* [ASSIGNMENT]
Lines from the one containing "Защита заднего бампера" through the end of the material below should be given again exactly, with no others.

* [SUPPLIED RECORDS]

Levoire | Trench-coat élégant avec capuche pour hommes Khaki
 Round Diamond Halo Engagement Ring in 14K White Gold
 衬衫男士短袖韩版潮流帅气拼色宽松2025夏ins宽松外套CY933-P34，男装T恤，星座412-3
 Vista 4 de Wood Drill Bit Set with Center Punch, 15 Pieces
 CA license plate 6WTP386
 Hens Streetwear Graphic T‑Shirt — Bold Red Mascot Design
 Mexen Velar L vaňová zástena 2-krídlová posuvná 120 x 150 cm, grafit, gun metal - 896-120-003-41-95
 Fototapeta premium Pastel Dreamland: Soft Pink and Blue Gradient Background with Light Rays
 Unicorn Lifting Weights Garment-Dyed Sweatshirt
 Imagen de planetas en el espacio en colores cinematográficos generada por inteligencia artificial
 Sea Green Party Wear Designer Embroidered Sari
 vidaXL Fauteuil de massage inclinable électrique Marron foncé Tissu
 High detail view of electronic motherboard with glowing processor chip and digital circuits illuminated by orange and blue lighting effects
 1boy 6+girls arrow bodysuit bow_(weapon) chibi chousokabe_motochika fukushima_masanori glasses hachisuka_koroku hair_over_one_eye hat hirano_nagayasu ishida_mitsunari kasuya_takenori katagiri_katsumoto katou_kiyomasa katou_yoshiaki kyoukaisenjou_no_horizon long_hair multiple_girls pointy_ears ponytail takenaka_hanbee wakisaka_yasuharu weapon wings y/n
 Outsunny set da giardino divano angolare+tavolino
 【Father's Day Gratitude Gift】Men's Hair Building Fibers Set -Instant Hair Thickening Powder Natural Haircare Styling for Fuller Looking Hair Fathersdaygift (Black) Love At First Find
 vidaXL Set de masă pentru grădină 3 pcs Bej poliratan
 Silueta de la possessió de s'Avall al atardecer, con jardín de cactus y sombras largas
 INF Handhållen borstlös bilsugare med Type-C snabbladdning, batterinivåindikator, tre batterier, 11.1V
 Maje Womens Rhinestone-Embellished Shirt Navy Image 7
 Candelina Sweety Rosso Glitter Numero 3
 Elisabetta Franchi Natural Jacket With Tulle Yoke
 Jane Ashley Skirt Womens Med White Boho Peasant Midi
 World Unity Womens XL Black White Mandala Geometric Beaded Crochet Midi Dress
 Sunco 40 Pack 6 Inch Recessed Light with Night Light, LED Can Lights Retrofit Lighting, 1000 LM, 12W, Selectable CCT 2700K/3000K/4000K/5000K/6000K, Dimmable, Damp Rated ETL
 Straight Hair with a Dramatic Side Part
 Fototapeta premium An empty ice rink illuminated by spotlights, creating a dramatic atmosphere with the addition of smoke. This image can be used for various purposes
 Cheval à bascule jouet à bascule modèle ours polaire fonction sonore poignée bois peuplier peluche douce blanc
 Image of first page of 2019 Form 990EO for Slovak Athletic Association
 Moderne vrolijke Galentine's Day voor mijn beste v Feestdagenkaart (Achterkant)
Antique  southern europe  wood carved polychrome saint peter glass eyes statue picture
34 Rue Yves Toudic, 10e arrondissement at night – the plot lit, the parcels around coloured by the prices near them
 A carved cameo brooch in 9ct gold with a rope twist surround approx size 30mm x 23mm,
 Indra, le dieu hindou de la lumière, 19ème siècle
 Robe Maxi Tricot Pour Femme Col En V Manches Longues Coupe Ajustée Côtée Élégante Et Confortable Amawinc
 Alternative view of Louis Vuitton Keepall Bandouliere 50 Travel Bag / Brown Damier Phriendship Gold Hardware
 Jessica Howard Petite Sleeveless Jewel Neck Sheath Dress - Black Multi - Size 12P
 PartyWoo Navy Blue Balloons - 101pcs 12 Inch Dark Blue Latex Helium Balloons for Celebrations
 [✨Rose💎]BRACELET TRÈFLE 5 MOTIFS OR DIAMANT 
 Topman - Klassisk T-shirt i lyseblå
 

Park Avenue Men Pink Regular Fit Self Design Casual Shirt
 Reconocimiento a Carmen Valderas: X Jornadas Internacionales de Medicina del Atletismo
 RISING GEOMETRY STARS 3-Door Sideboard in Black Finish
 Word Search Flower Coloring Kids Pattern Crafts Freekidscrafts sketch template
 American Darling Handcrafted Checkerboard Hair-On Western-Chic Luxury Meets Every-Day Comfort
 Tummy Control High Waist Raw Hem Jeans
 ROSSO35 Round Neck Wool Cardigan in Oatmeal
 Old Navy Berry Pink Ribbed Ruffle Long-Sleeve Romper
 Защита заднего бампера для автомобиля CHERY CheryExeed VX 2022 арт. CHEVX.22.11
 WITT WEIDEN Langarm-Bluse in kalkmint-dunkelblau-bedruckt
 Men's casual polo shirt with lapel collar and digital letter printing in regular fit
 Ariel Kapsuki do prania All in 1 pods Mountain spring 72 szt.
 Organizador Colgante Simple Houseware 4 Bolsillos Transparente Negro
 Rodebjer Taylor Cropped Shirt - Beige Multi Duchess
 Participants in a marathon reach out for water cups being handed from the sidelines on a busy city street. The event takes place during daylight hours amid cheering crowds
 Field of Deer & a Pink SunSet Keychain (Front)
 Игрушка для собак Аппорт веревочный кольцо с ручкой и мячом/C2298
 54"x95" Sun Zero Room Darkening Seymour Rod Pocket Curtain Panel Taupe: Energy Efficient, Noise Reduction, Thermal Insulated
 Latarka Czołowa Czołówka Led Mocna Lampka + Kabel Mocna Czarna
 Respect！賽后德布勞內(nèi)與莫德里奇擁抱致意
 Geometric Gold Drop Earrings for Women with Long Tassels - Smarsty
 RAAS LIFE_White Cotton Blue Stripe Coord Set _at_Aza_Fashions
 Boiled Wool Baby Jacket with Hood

* [RESULT OF THE TASK]
 Защита заднего бампера для автомобиля CHERY CheryExeed VX 2022 арт. CHEVX.22.11
 WITT WEIDEN Langarm-Bluse in kalkmint-dunkelblau-bedruckt
 Men's casual polo shirt with lapel collar and digital letter printing in regular fit
 Ariel Kapsuki do prania All in 1 pods Mountain spring 72 szt.
 Organizador Colgante Simple Houseware 4 Bolsillos Transparente Negro
 Rodebjer Taylor Cropped Shirt - Beige Multi Duchess
 Participants in a marathon reach out for water cups being handed from the sidelines on a busy city street. The event takes place during daylight hours amid cheering crowds
 Field of Deer & a Pink SunSet Keychain (Front)
 Игрушка для собак Аппорт веревочный кольцо с ручкой и мячом/C2298
 54"x95" Sun Zero Room Darkening Seymour Rod Pocket Curtain Panel Taupe: Energy Efficient, Noise Reduction, Thermal Insulated
 Latarka Czołowa Czołówka Led Mocna Lampka + Kabel Mocna Czarna
 Respect！賽后德布勞內(nèi)與莫德里奇擁抱致意
 Geometric Gold Drop Earrings for Women with Long Tassels - Smarsty
 RAAS LIFE_White Cotton Blue Stripe Coord Set _at_Aza_Fashions
 Boiled Wool Baby Jacket with Hood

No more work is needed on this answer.